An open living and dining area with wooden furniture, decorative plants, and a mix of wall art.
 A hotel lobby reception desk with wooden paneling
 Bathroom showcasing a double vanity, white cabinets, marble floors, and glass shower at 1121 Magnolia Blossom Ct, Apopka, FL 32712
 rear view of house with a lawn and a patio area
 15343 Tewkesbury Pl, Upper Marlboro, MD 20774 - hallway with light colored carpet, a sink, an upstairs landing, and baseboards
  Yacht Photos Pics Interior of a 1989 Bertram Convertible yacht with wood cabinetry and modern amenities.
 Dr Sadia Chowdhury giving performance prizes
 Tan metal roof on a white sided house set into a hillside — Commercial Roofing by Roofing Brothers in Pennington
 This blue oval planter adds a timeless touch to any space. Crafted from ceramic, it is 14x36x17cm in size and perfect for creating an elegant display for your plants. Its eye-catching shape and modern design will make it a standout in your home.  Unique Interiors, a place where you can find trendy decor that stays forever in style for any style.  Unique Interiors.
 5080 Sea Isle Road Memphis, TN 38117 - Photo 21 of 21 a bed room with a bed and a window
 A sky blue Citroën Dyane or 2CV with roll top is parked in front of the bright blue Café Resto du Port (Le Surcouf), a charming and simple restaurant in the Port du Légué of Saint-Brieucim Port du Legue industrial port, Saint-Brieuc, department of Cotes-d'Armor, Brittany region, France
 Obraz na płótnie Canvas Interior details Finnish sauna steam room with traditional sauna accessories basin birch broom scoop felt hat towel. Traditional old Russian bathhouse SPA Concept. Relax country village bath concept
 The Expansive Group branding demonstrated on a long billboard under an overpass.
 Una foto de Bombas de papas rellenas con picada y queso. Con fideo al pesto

════════════════════

Your task | Reprint exactly, and only, the lines running from the one containing "Yacht Photos Pics" through the last line of the listing above.

Task answer |
  Yacht Photos Pics Interior of a 1989 Bertram Convertible yacht with wood cabinetry and modern amenities.
 Dr Sadia Chowdhury giving performance prizes
 Tan metal roof on a white sided house set into a hillside — Commercial Roofing by Roofing Brothers in Pennington
 This blue oval planter adds a timeless touch to any space. Crafted from ceramic, it is 14x36x17cm in size and perfect for creating an elegant display for your plants. Its eye-catching shape and modern design will make it a standout in your home.  Unique Interiors, a place where you can find trendy decor that stays forever in style for any style.  Unique Interiors.
 5080 Sea Isle Road Memphis, TN 38117 - Photo 21 of 21 a bed room with a bed and a window
 A sky blue Citroën Dyane or 2CV with roll top is parked in front of the bright blue Café Resto du Port (Le Surcouf), a charming and simple restaurant in the Port du Légué of Saint-Brieucim Port du Legue industrial port, Saint-Brieuc, department of Cotes-d'Armor, Brittany region, France
 Obraz na płótnie Canvas Interior details Finnish sauna steam room with traditional sauna accessories basin birch broom scoop felt hat towel. Traditional old Russian bathhouse SPA Concept. Relax country village bath concept
 The Expansive Group branding demonstrated on a long billboard under an overpass.
 Una foto de Bombas de papas rellenas con picada y queso. Con fideo al pesto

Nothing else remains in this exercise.